I have found an old Dell inspiron laptop lying around. it is inspiron 5100 that has a P4 2.40GHZ CPU and I believe 512MB PC2100 ram, :S and a 32MB ati radeon 7500 gfx card. Do i need to install another 512MB stick ? and I read around, that my card can support it, but no aero feature, which i don't mind really. Can win 7 run on it? The latest build, 7600 13865?! And what does the Orbit's win 7 1.8 toolkit actually do? Does it make it RC and then activate or rearm?! or actually activate it?! Thanks.
i cant replace the gfx card guys! I said its a laptop!! not a desktop lool. i'll add more memory but gfx stays, since it is built right into the motherboard!
Well then buying new parts for a laptop will cost lots of money for maybe juste be able to run Seven Starter or Home Basic. Also finding drivers will be the other problem. Better to stay with XP Pro.

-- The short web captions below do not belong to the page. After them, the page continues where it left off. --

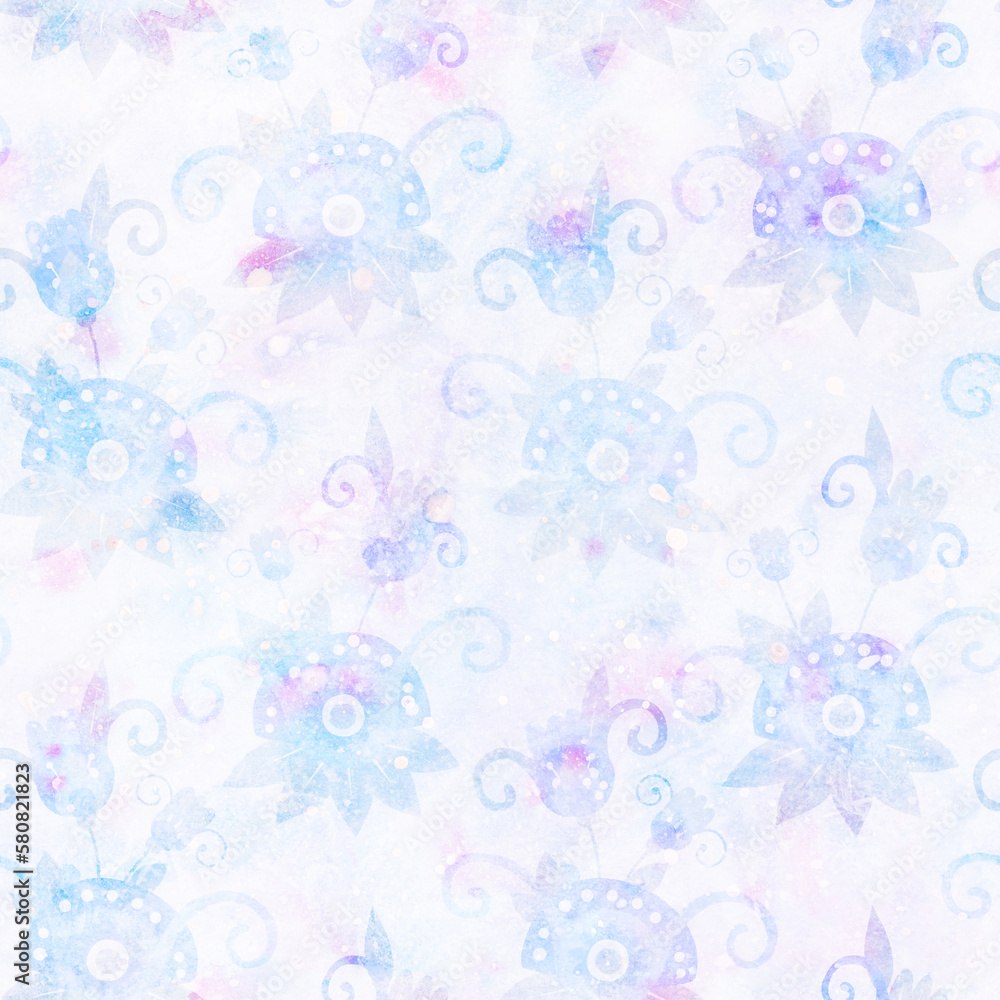 Seamless pattern with floral ornament. Raster illustration in watercolor style. Design for packaging design, wrapping. Printing on fabric and paper.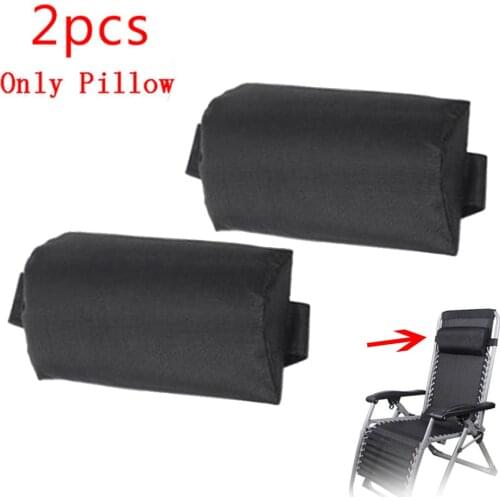 2Pcs Folding Recliner Lounger Head Cushion Removable Adjustable Soft Pillow For Outdoor Garden Lounger Foldable Recliner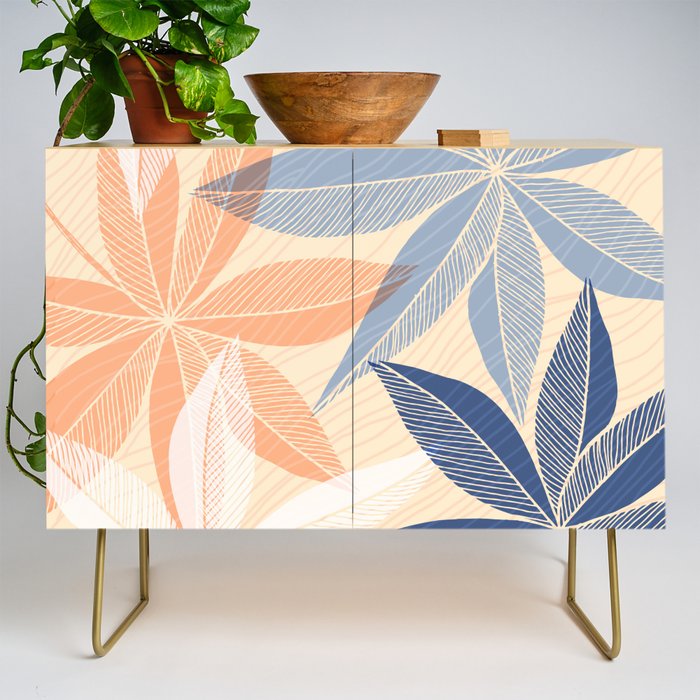 Modern Neutral Tropical Print Ii Credenza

orbit will activate it(i just used it thinking it would activate it without adding expiry date,but it didnt) but will then have an expirary date.the rtm comes without an expirary date,however a 30 day trial.so the choice is(far as i know)is to either keep rearming it(which you can also do with orbit.can rearm it up to 3 or 4 times)or activate it but then you get the expirary date which on mine is 3/1/2010.can keep using it this way until there are other activators released soon or keys leaked.can check the expirary by-click start,in search box type winver.then click winver exe.hope this helps,have a good one.
On a strictly technical level, GFX cards inside Dell Inspiron laptops can be replaced, but it's more complicated than with a desktop. They are still "cards" that plug into a slot on the mobo, just like a desktop. However you cant just goto Dell.com and find a list of compatible upgrades for your laptop, except ram. The laptop market is all about total replacement of units every few years, imho, whereas with desktops you have room to upgrade, within the limits of your specific mobo. My last computer was a 1ghz Dell Inspiron 8000 model. Cost me $4000 new, circa 2000. Now it's ancient. I looked into replacing it's GFX card after having the unit about 5 years, but decided against it due to lack of info on compatible upgrades. I also had overheating issues with my model, so even if I found a more powerful GFX card, it would have only added to that problem. As for Orbit's toolkit - avoid such workarounds for the time being. As stated elsewhere here, you risk having a "Frankenbuild" that MS can invalidate completely with the next service pack, or even a minor patch. Using rearm should hold you until more viable options present themselves. I don't know the specific specs of your laptop, but if you have the slots for it, going above 1gig of ram would keep multitasking under Win7 alot smoother. You can tweak some of the default startup processes to streamline things, but ultimately you are not going to keep the same amount of ram usage as you currently have under Windows XP. And yes, as Lenmaer suggested, drivers may be a problem for a little while until vendors catch up to RTM code. MS probably included a generic Radeon 7500 driver in their RTM build, but it wont be as optimized as one straight from ATI. I'd download vendor Win7 drivers before actually installing Win7 on your laptop, to avoid headaches later on. My laptop had WinME preloaded, and I had to wait awhile for proper Win2k/XP drivers. That's all I can think of for now. Best of luck upgrading to Win7. --DKnight
To make it short, my though: Will you be able to install Seven -> Probably Will it run smoothly -> Probably not Woud it be better to stay with XP Pro -> Yes
I have the same laptop 5100 but I upgraded to 1GB ram. Runs 7 great. Use the beta Vista drivers and it works fine. They were an older omega set, last ones that supported 7500 mobility. Have to update from device manager but it works
just upgrade the ram. it's cheap, and the rest of the system is way more than powerful enough to run win7. people with big ridiculous systems that insist you need a 128mb video card and an insane processor just plain p*ss me off.